All categories

2 years ago

An atom of a certain element has 12 protons, 14 neutrons, and 2 valence electrons. What is the name of this element?

Chemistry

1 answer:

DedPeter [7]2 years ago

5 0

Given :

An atom of a certain element has 12 protons, 14 neutrons, and 2 valence electrons.

To Find :

The name of this element.

Solution :

We know, element with atomic number ( number of protons ) 12 and valance electrons is Magnesium.

Now, isotope of magnesium of proton with 14 neutrons is Mg-16 .

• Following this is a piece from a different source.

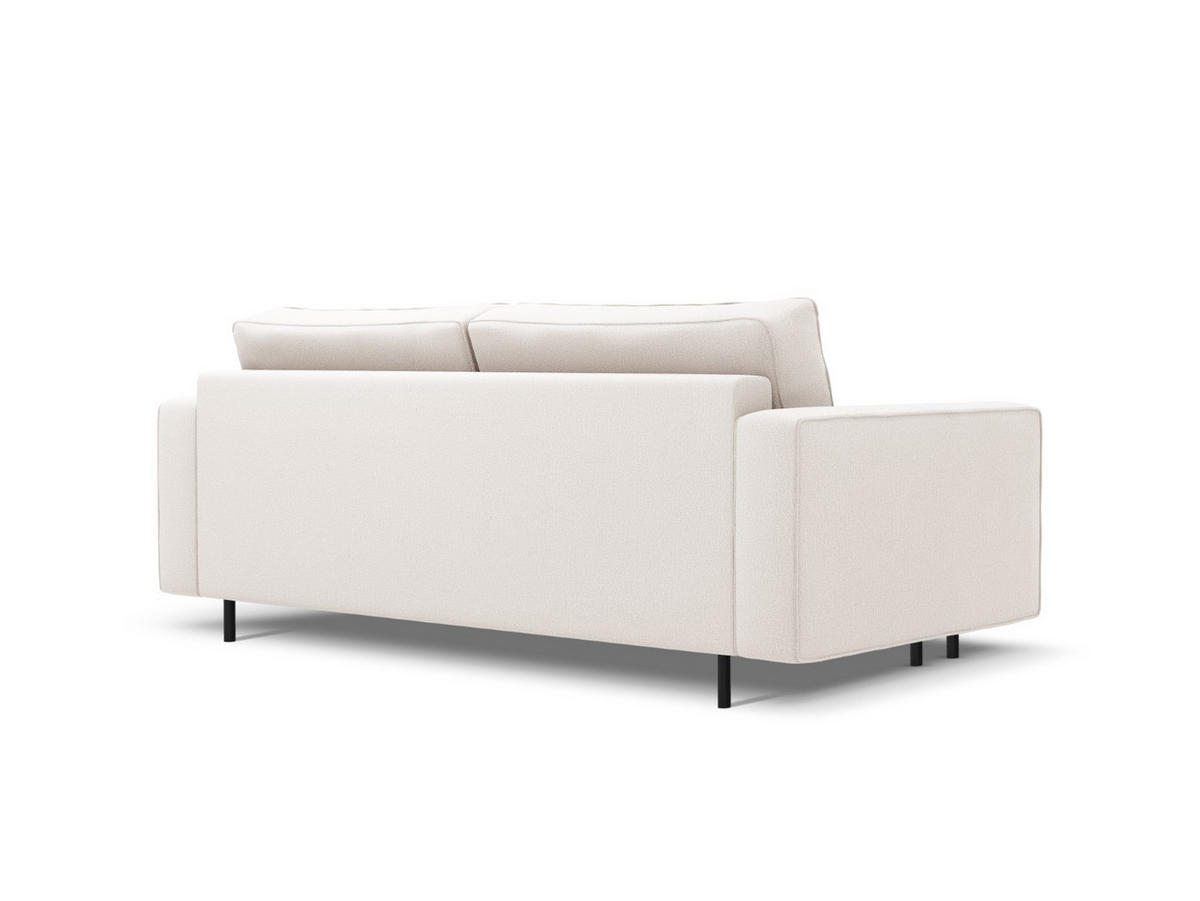 AUSKLAPPBARES-SOFA mit Bettkasten Caro aus strukturiertem Stoff leichtes beige 3 Sitzplätze - Beige, Textil (97/93/236cm) - Micadoni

Therefore, name of element is Mg-16 .

Hence, this is the required solution.

You might be interested in

When you combine 50.0 mL of 0.100 M AgNO3 with 50.0 mL of 0.100 M HCl in a coffee-cup calorimeter, the temperature changes from

RideAnS [48]

Answer : The enthalpy of reaction $(\Delta H_{rxn})$ is, 67.716 KJ/mole

Explanation :

First we have to calculate the moles of $AgNO_3$ and $HCl$ .

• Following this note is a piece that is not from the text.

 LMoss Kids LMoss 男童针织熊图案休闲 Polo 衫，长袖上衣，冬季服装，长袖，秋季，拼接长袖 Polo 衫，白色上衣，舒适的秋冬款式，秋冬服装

$\text{Moles of }AgNO_3=\text{Molarity of }AgNO_3\times \text{Volume}=(0.100mole/L)\times (0.05L)=0.005mole$

$\text{Moles of }HCl=\text{Molarity of }HCl\times \text{Volume}=(0.100mole/L)\times (0.05L)=0.005mole$

Now we have to calculate the moles of AgCl formed.

The balanced chemical reaction will be,

$AgNO_3(aq)+HCl(aq)\rightarrow AgCl(s)+HNO_3(aq)$

As, 1 mole of $AgNO_3$ react with 1 mole of $HCl$ to give 1 mole of $AgCl$

So, 0.005 mole of $AgNO_3$ react with 0.005 mole of $HCl$ to give 1 mole of $AgCl$

The moles of AgCl formed = 0.005 mole

Total volume of the solution = 50.0 ml + 50.0 ml = 100.0 ml

Now we have to calculate the mass of solution.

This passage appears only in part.